→ **WHAT THE EXERCISE ASKS**
In this exercise, the entries below include pictures. Repeat exactly the lines from the line with "Alb Utilizat 2013" to the line with "Xti Espadrile 14533503 Siva | Shoptok.si", including both, but without the pictures.

→ **TASK DATA**
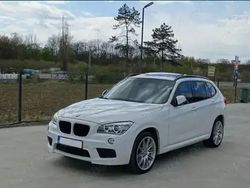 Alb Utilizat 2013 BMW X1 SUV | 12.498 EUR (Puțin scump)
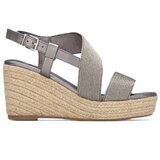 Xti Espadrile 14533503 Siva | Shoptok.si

...

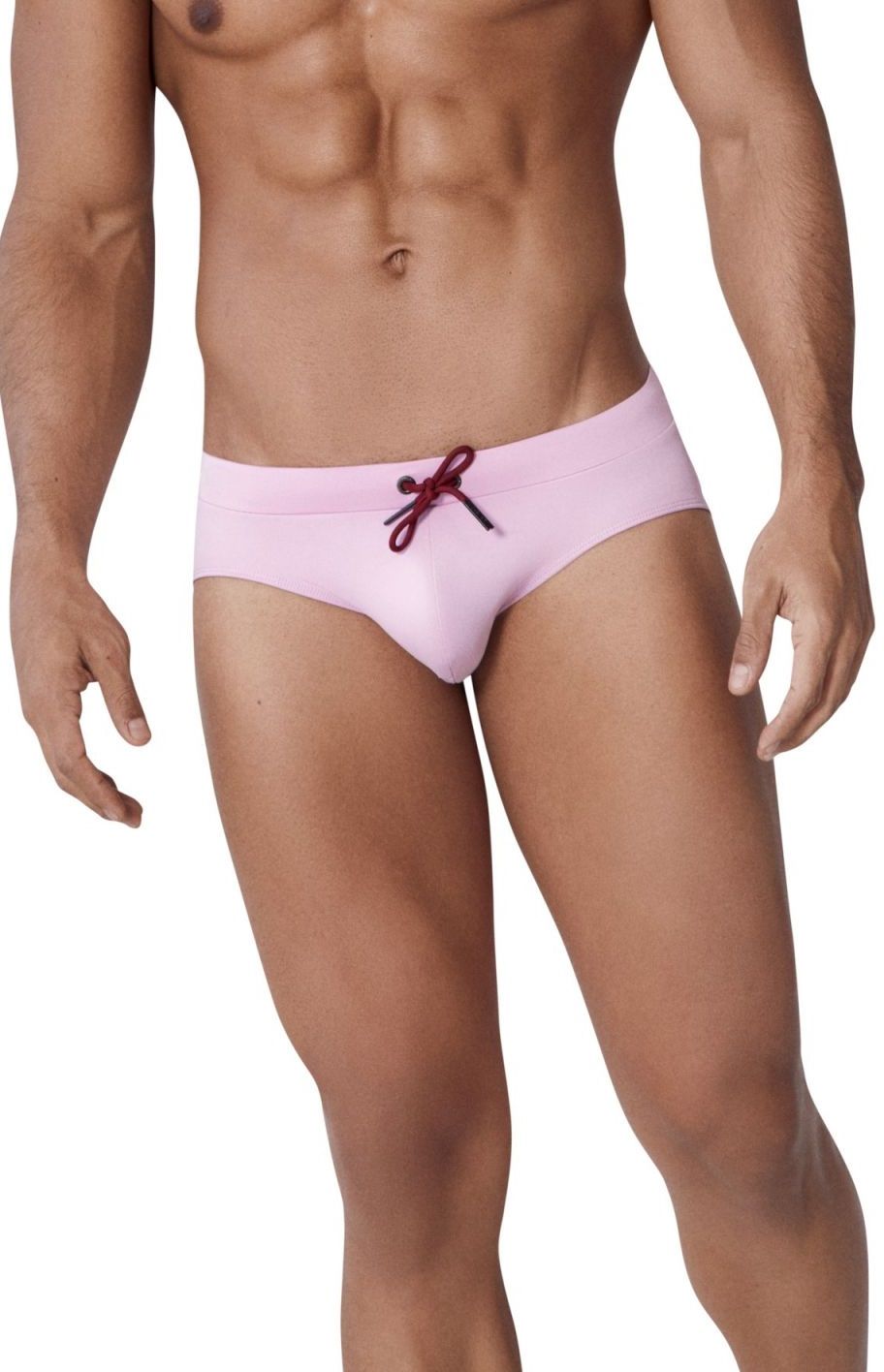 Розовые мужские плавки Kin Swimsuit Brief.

→ **EXERCISE RESPONSE**
 Alb Utilizat 2013 BMW X1 SUV | 12.498 EUR (Puțin scump)
 Xti Espadrile 14533503 Siva | Shoptok.si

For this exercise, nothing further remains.